Hamas’ attack on October the seventh set the region aflame, sparking various views of condemnation and support for parties in the conflict. Israel’s response to the attack has led to over 7500 civilian causalties, with over 40 percent of them being children in Gaza. This has had inevitable consequences for Israel’s reputation, especially in the region. Local powers such as Saudi Arabia, Qatar, and Iran have condemned Israel for their violent response, as well as the UN, who labeled the response as ‘attacks on civilians’. However, this inter-state conflict has also led to economic consequences in the Middle East, as uncertainty and a lack of confidence continues to grow for countries in the region.

This is most significant for the prices of energy resources, such as natural gas and oil. Although countries such as those in the Gulf region have made significant efforts to diversify from their sale of natural resources; it is still not enough as oil production accounts for 46 percent of Saudi Arabia’s GDP, as well as a significant amount of other countries such as the UAE, Iran, and Qatar. Since the beginning of the conflict, natural gas prices have risen by thirty-five percent as well as an increase of seven percent in oil prices. This is due to concerns regarding the conflict potentially spreading over to other nations in the region that supply a mass amount of this good. This is evident as the statistical review of World Energy states that 48 percent of all energy exports are from the Middle East.

Increases in oil and natural gas prices also have historical precedence to increase further, as the Iraq invasion of Kuwait in 1990 raised oil prices by over a hundred percent. Other conflicts such as the Iranian revolution, as well as the Arab oil embargo, also raised oil prices by over forty-five percent. However, it is important to note that the current price is near its mean price in real terms. This may indicate that the international community has yet to be alarmed regarding the ongoing conflict.

The likelihood of the conflict progressing to other nations in the region is also quite low. Israel geographically surrounds Gaza, as Israel announced a full-scale invasion of the strip days ago. Furthermore, the role of the reportedly Iranian-backed militant group Hezbollah, which is based in Lebanon, entering the conflict is also improbable as they have been deterred significantly by the United States.

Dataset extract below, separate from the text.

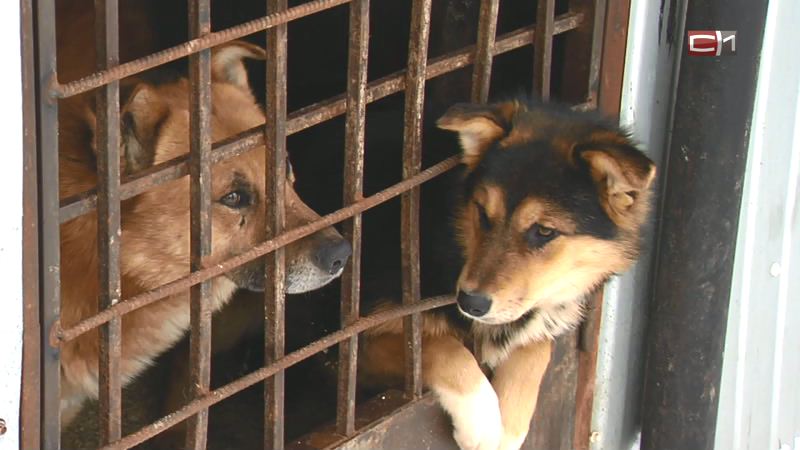 Сургутские власти и общественники не нашли следов кровавой драмы в питомнике для бродячих животных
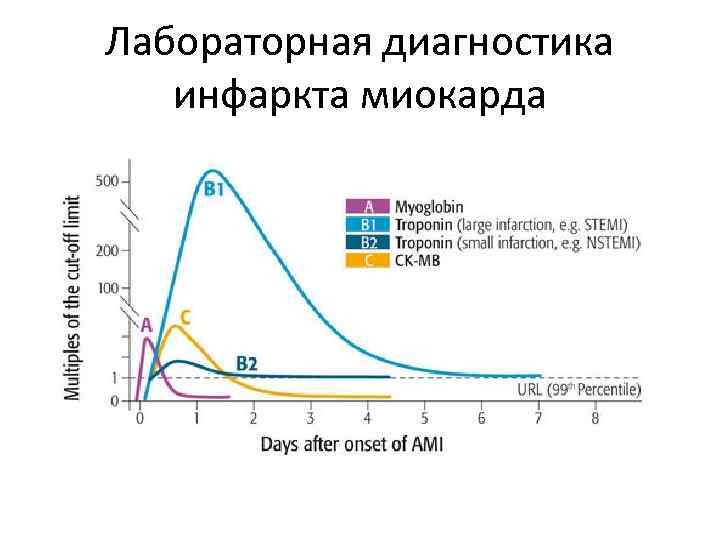 Лабораторная диагностика инфаркта миокарда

Although the possibility of it spreading is uncertain, it is not impossible. This would have devastating consequences for countries in the region, such as the economic effects of more government spending on resources to participate in war. Civil unrest in the region regarding the death of Palestinian civilians may also cause policymakers and government officials to attempt to involve their nations and militaries in the conflict. Attempts of involvement from other nations into the reignited, over seventy-year conflict, are not unheard of. Hamas is also reportedly funded by the Iranian regime, which may prolong this conflict as the militant group has access to more resources in their war with Israel.